■ **WORK TASK**: Where the listing below has a line with "Item preview, Petals", write out exactly that line and every line after it, stopping after the line with "Transform Your Skin".

■ **STORED DATA**:
--*--
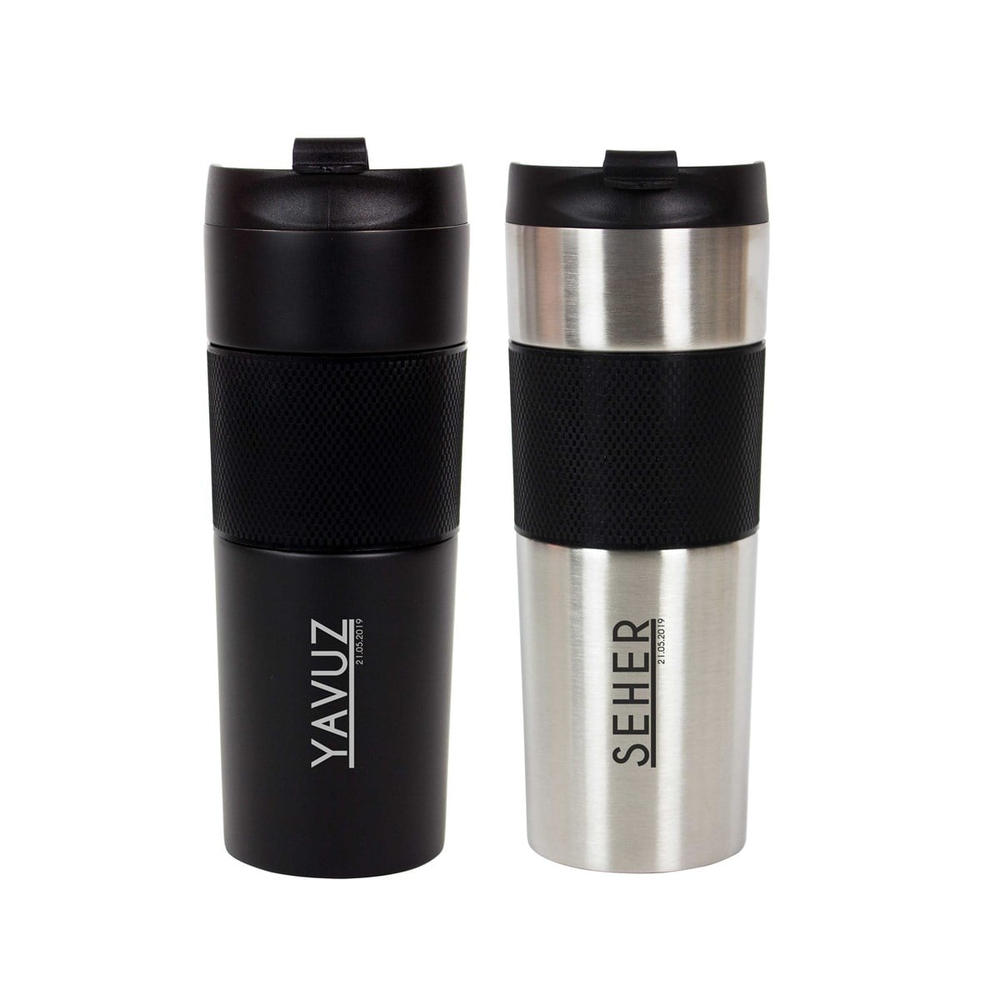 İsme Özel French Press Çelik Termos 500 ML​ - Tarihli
--*--
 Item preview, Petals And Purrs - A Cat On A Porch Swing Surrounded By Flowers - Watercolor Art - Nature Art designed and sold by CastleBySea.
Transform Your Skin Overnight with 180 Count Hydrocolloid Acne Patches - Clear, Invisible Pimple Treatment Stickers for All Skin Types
--*--
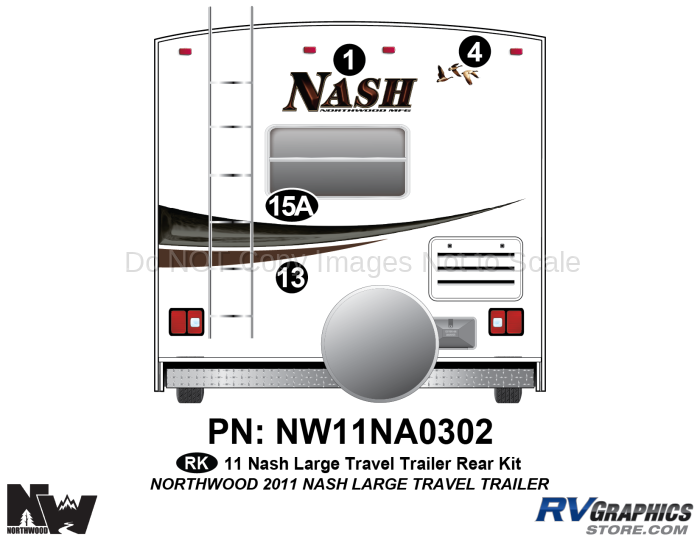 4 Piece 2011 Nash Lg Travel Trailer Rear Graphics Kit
--*--
■ **EXERCISE SOLUTION**:
 Item preview, Petals And Purrs - A Cat On A Porch Swing Surrounded By Flowers - Watercolor Art - Nature Art designed and sold by CastleBySea.
Transform Your Skin Overnight with 180 Count Hydrocolloid Acne Patches - Clear, Invisible Pimple Treatment Stickers for All Skin Types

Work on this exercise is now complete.